(Dataset entries)
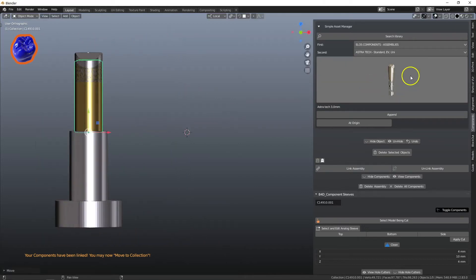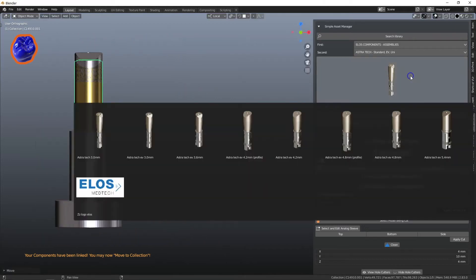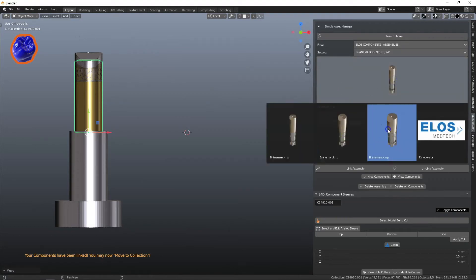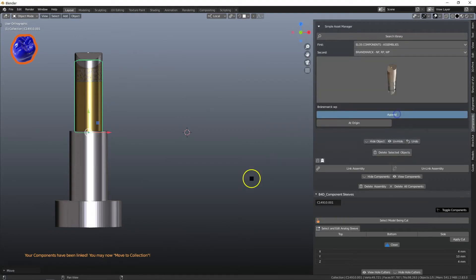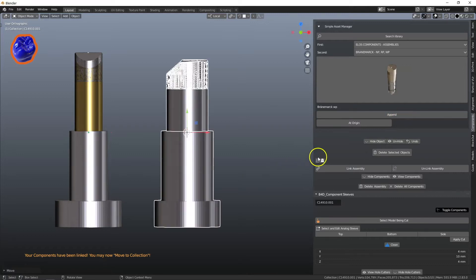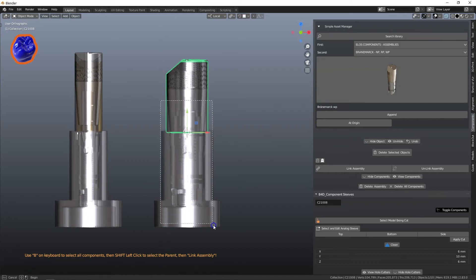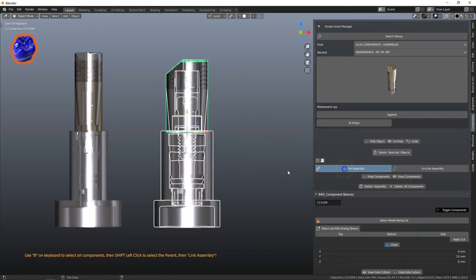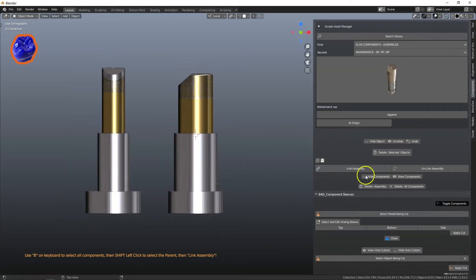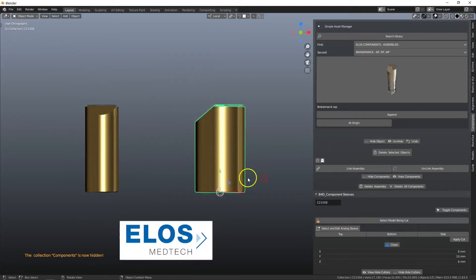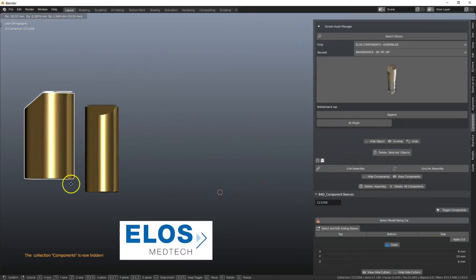Implant libraries can be imported into the 3D window by simply pressing on a thumbnail image. The tutorials will show you how to join various parts to the scan body, so the components can be safely moved around.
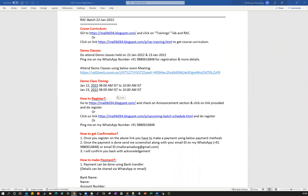Hello guys, welcome back to my channel. This is Malik Arjun. Today I'm doing a quick announcement regarding my RAC course — Real Application Cluster.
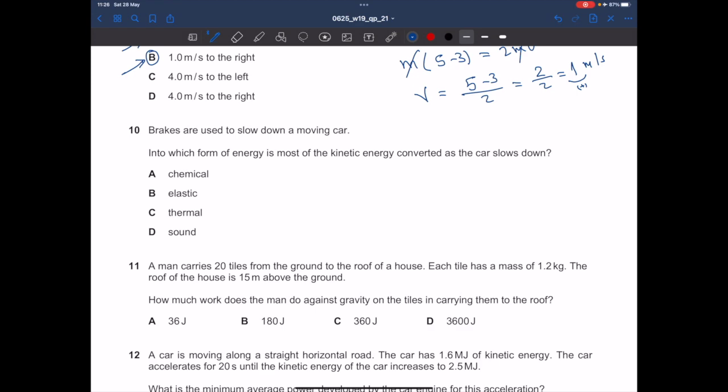In question 10, brakes are used to slow down a moving car. Into which form of energy is most of the kinetic energy converted? There is no chemical reaction, and no elasticity. Thermal energy is correct because friction between the tires, brakes, and ground generates heat. Sound is produced but is much less significant. The answer is C — thermal energy.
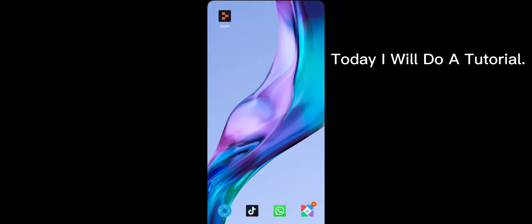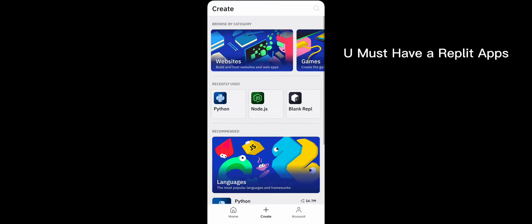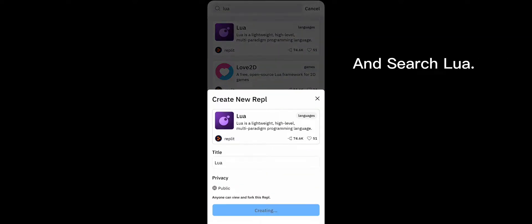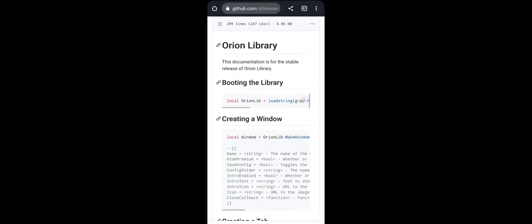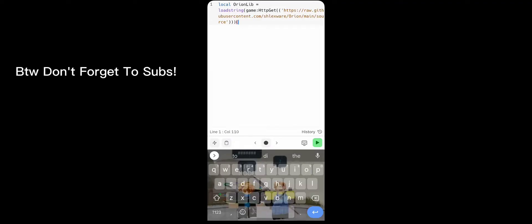Hello guys, today I will do a tutorial on how to make a hub in mobile. You must have the Replete app and search Lua, then create. Watch the full video. Link to the UI lib is in the description. First, you must copy the booting library — and by the way, don't forget to subscribe.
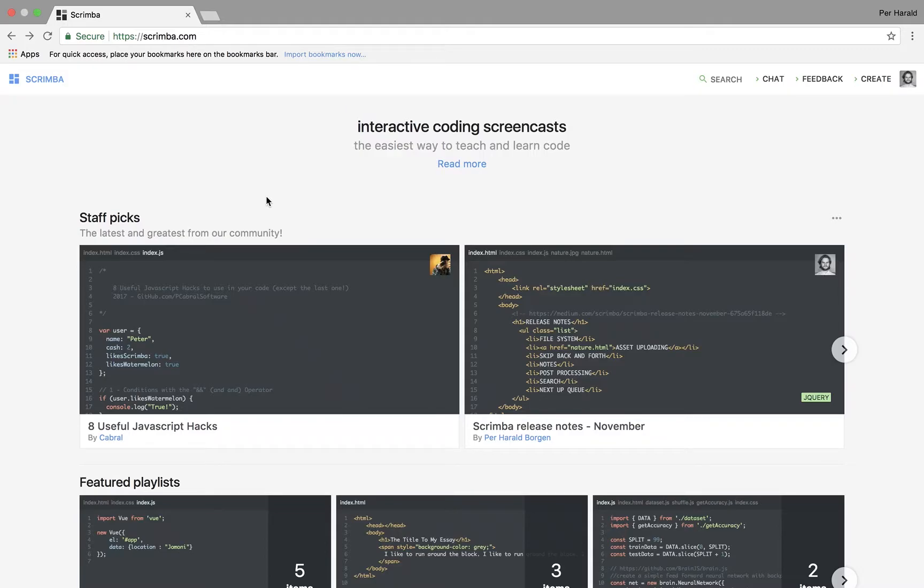Hey and welcome to this little tutorial where I'm going to explain to you what Scrimba is and how you can use it to create coding screencasts.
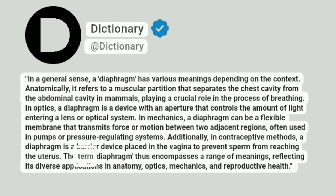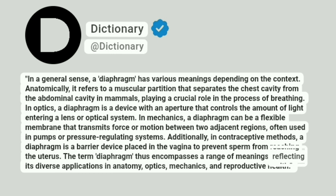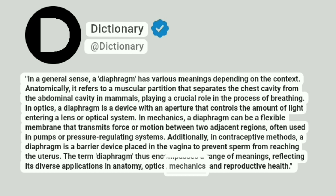The term diaphragm thus encompasses a range of meanings, reflecting its diverse applications in anatomy, optics, mechanics, and reproductive health.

*ACTION ITEM:* Please set the data above down exactly, with the pictures removed.

*OUTPUT OF THE TASK:*
Implant libraries can be imported into the 3D window by simply pressing on a thumbnail image. The tutorials will show you how to join various parts to the scan body, so the components can be safely moved around.
Hello guys, welcome back to my channel. This is Malik Arjun. Today I'm doing a quick announcement regarding my RAC course — Real Application Cluster.
In question 10, brakes are used to slow down a moving car. Into which form of energy is most of the kinetic energy converted? There is no chemical reaction, and no elasticity. Thermal energy is correct because friction between the tires, brakes, and ground generates heat. Sound is produced but is much less significant. The answer is C — thermal energy.
Hello guys, today I will do a tutorial on how to make a hub in mobile. You must have the Replete app and search Lua, then create. Watch the full video. Link to the UI lib is in the description. First, you must copy the booting library — and by the way, don't forget to subscribe.
Hey and welcome to this little tutorial where I'm going to explain to you what Scrimba is and how you can use it to create coding screencasts.
The term diaphragm thus encompasses a range of meanings, reflecting its diverse applications in anatomy, optics, mechanics, and reproductive health.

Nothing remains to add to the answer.